Tokoh Kalijodo Daeng Azis saat mendatangi
Kantor Komnas HAM, Jakarta, Senin (15/2). Daeng ke Komnas HAM bermaksud
mengadukan rencana relokasi red light district Kalijodo oleh Gubernur DKI
Basuki Tjahaja Purnama (Ahok). (Liputan6.com/Faizal Fanani)
Jakarta - Kalijodo sudah melegenda di tanah
Betawi. Sejak zaman dulu, kawasan Kalijodo dikenal sebagai tempat mencari
hiburan.
Kalijodo yang terletak di Penjaringan,
Jakarta Utara yang dulu bernama Kali Angke, di masa lalu kerap menjadi lokasi
perayaan Pesta Air alias Peh Cun. Tradisi Tionghoa yang digelar setiap 100 hari
usai Imlek, yang menjadi tempat berkumpul dan bertemunya para muda-mudi.
Bahkan kisah Kalijodo pernah diangkat dalam
film Ca Bau Kan, buah karya novelis Remy Silado. Sayang, sejak 1970-an, wajah
Kalijodo semakin buram dan lebih lekat sebagai kawasan prostitusi.
Beberapa kali kawasan ini disebut-sebut akan
digusur, namun Kalijodo tetap berdiri. Belakangan, dengan alasan berada di
jalur hijau, Gubernur DKI Jakarta Basuki Tjahaja Purnama memastikan akan segera
mengubah wajah Kalijodo menjadi taman.
Aktivitas warga di Kawasan Kalijodo, Jakarta,
Selasa (16/2). Dibalik gemerlapnya malam kalijodo menyimpan secerca harapan
warga yang mencari pekerjaan halal dan dapat menaikkan derajat mereka.
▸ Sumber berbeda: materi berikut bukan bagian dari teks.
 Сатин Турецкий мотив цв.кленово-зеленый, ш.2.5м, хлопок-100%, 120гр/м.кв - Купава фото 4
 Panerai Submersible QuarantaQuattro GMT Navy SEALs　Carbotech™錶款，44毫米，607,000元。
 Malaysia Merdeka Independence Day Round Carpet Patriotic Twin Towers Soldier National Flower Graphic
(Liputan6.com/Gempur M Surya)
Namun, rencana Gubernur Basuki atau Ahok,
tampaknya akan menemui jalan terjal. Pasalnya, warga kawasan Kalijodo menentang
penertiban itu. Melalui pengacaranya, Razman Arif Nasution, warga Kalijodo
mengecam tindakan sosialisasi dan penempelan pemberitahuan penertiban oleh Ahok
yang dinilai tidak manusiawi. Sebab, sosialisasi itu mengikutsertakan ratusan
polisi bersenjata laras panjang.
"Warga Kalijodo ada yang langsung kena
serangan jantung, satu orang terpaksa dirawat di rumah sakit," ujar Razman
Arif Nasution, di Kalijodo, Selasa (16/2/2016). Menurut dia, tindakan Ahok
menunjukkan sikap represif dan sentimen yang tinggi pada rakyat miskin.
Dia tak menampik jika Kalijodo adalah kawasan
prostitusi. Namun, dia mempertanyakan keberpihakan Ahok. "Ada 'jajan'
menengah ke bawah, ada 'jajan' menengah ke atas bos! Kalau mau tertibin
prostitusi, ya tertibin juga dong tempat 'jajan' kelas menengah atas,"
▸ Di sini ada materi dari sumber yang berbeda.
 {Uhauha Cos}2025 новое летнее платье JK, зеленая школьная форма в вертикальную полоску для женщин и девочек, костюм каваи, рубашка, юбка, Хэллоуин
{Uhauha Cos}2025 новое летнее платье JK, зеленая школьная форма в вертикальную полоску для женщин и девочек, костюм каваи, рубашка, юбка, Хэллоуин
tantang Arif yang disambut teriakan warga.
Pentolan Kalijodo, Abdul Azis yang akrab
disapa Daeng Aziz, bahkan mengultimatum Ahok. Dia mengancam Ahok agar tak lagi
mengusik ketenangan warga Kalijodo. Tindakan Ahok yang mengirim ratusan polisi
dan TNI dalam sosialisasi dianggai sebagai penyalahgunaan wewenang.
Ahok Musuh Bersama
Tokoh Kalijodo Daeng Azis berjalan saat
Sosialisasi Relokasi warga kalijodo Kecamatan Tamboradi, Jakarta, Selasa
(16/2). Kawasan Kalijodo akan dijadikan Ruang Terbuka Hijau (RTH), dan tawaran
bagi warga untuk beralih profesi. (Liputan6.com/Gempur M Surya)
Bertopi koboi dan kemeja lengan panjang
berwarna abu-abu dengan celana panjang warna senada, Daeng Aziz mengatakan,
tudingan Ahok pada warga Kalijodo yang menduduki tanah negara tidak beralasan.
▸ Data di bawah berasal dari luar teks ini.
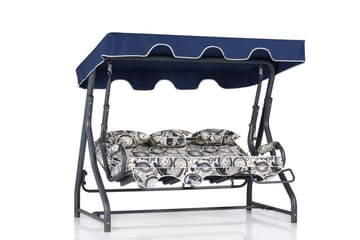Icterina 3-sits Hammock med Tak - Vit/Mörkblå - Utemöbler - Utesoffor & bänkar - Hammock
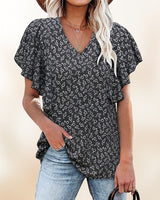 Chemise plissée à manches courtes et col V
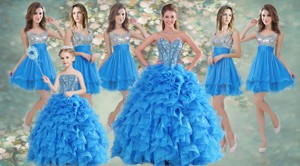 Customized Ball Gown Beaded Sweet 16 Gown And Sequined Short Dama Dress Ruffled Mini Quinceanera D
Sebab, beberapa warga memiliki sertifikat tanah resmi.
Ia bahkan menyatakan Ahok sebagai musuh
bersama. Dia juga mengajak para korban penggusuran Ahok untuk menuntut
keadilan. "Yang punya kewenangan adalah, musuh bersama," ucap Daeng.
Daeng Aziz memperingatkan Ahok bahwa ia
hampir kehilangan kesabaran. "Pada prinsipnya, jangan saya dipaksakan
untuk melawan," kecam Daeng yang disambut teriakan "lawan, tolak
penggusuran," oleh warga.
Daeng Azis disebut-sebut sebagai pemimpin
salah satu kelompok di Kalijodo. Dia memiliki seratusan anak buah. Tugas mereka
adalah mengamankan Kalijodo dan memastikan roda bisnis di tempat itu terus
berputar.
Pada 2001, saat terjadi bentrok antaretnis di
Kalijodo, Azis disebut-sebut sebagai orang yang menodongkan pistol ke arah
Komisaris Besar Krishna Murti, Direktur Reserse Kriminal Umum (Reskrimum) Polda
Metro Jaya. Krisna saat itu bertugas sebagai Kapolsek Penjaringan dan
menyandang pangkat Ajun Komisaris Besar.
"Jangan ada yang mendekat!"
tulis Krishna menirukan gertakan Daeng Azis, dalam bukunya berjudul Geger
Kalijodo. Buku karya Krishna tersebut menceritakan pola penyelesaian konflik
antaretnis yang terjadi di kawasan perjudian dan prostitusi kala itu. Krishna
menyebut Daeng Azis dalam karya ilmiahnya itu dengan nama si Bedul.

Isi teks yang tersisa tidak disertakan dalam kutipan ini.